MCT

President Barack Obama said the United States had climbed too far out of an economic abyss to take a chance on Republican Mitt Romney, firing up his re-election bid at two rallies.

"We are not turning back the clock, we are moving forward," Obama said on Saturday, seeking to revive the political magic that swept him to power in 2008, and unleashing his most strident attack so far on the man who wants his job.

The president, in loud, enthusiastic rallies in swing states Ohio and Virginia, made the case that though times were still tough, he had hauled the economy back from the brink, and there was once again reason to hope.

He said Romney, a multi-millionaire former venture capitalist, wanted to reward himself and rich friends with tax reductions and "rubber stamp" slashing spending cuts on education, clean energy and health care for the elderly.

"Ohio, I tell you what, we cannot give him that chance ... this is not just another election, this is a make or break moment for the middle class," Obama said.

"We have been through too much to turn back now," he said, striking the central theme of his drive for a second White House term, six months before the November 6 vote.

"That's the choice in this election and that is why I am running for a second term as president of the United States," Obama said, drawing chants of "four more years" from a crowd of 14,000 people in Ohio and 8,000 in Virginia.

Obama also ripped Romney for his remark that "corporations are people," saying "people are people" and claiming that Romney would tilt the US economy too far in favour of the wealthy and repeat crisis-inducing policies.

Romney argues that, although Obama did not cause the recession, he has prolonged it and is out of ideas to get Americans - hobbled by eight per cent unemployment - back to work.

Obama said he had taken office in 2009 amid the deepest economic crisis since the 1930s, in an implicit recognition that times remain tough for many people for whom a recovery remains a mirage.

"We didn't quit.

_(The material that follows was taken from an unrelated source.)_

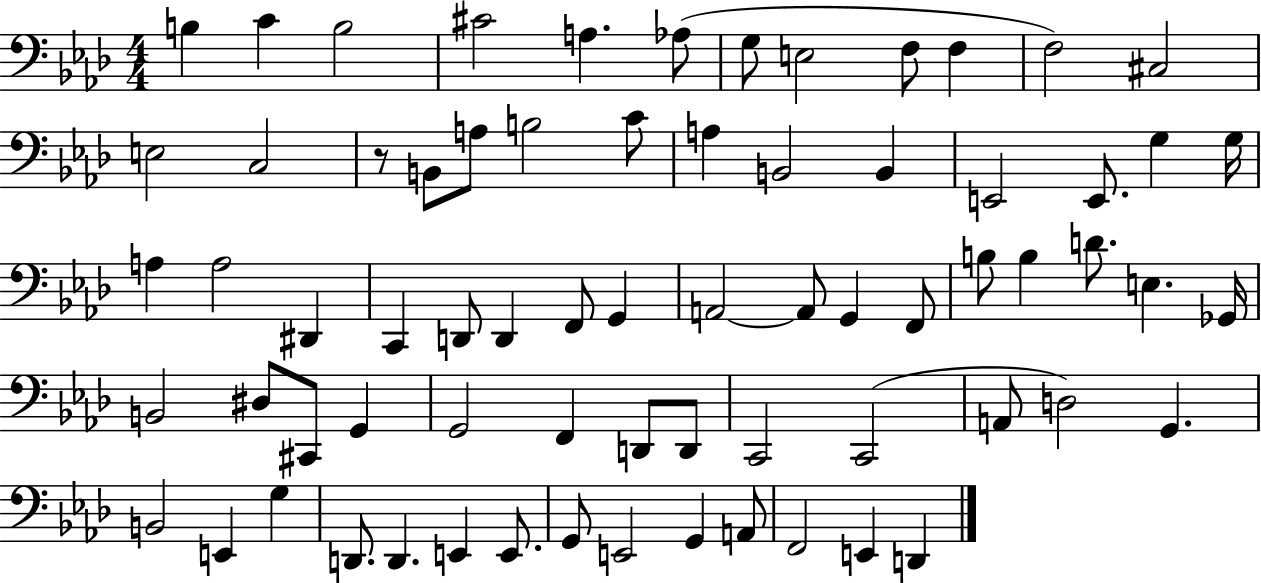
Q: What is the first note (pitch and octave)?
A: B3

We don't quit, together we are fighting our way back."

"We are making progress and now we face a choice."

In his most forensic examination of Romney's record yet, Obama praised the former Massachusetts governor and millionaire venture capitalist as a patriot and a good family man, who had done well in business.

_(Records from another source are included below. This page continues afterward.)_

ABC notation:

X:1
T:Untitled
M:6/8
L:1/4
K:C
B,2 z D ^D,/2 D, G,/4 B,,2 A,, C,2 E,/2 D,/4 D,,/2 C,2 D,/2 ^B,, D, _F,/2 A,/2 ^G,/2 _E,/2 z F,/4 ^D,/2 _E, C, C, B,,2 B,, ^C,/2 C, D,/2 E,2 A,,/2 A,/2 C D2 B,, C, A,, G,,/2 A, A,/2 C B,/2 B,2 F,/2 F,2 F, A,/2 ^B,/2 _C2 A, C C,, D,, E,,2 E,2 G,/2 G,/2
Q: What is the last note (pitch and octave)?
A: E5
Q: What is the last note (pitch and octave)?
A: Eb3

"But I think he has drawn the wrong lessons from those experiences. He sincerely believes (when) CEOs and wealthy investors like him make money the rest of us will automatically prosper as well."

In a statement, Romney's spokesperson Andrea Saul dismissed what she called Obama's "lofty campaign speeches."

"The fact remains that American families are struggling on his watch: to pay their bills, find a job and keep their homes," she said.

US voters in November "will hold (Obama) accountable for his broken promises and ineffective leadership."

Earlier, popular First Lady Michelle Obama reached out to blue collar workers still feeling the lash of the recession, stressing her own humble beginnings, and her family's struggle to send her and her brother to college.

She painted Obama as a man who rose from his own family's struggles, striking an implicit contrast with the financial comfort cushioning Romney.

"He is the son of a single mother .... he is the grandson of a woman who woke up before dawn every day to catch a bus to her job at the bank.

"Barack knows what it means when a family struggles. That is what you need to know America is those are the experiences that have made him the man he is today."

"We all know what Barack Obama is. And who he is."

Romney, who must almost certainly win Ohio to have a shot at capturing the White House, welcomed Obama to the bellwether state with a simple message: "Where are the jobs?"

"I recognise, of course, as do all Americans, that you inherited an economic crisis," Romney wrote in an opinion article in the Cleveland Plain Dealer newspaper on Friday.

"But you've now had three years to turn things around. The record of those three years is clear. Your policies have failed, not only in Ohio, but across the nation."

An average of national opinion polls by the RealClearPolitics website shows Obama with a narrow three-point lead over Romney - 47 to 44 per cent.

The president's approval rating generally sits in the high 40s, just below the 50 per cent threshold that presidents need to feel confident about re-election.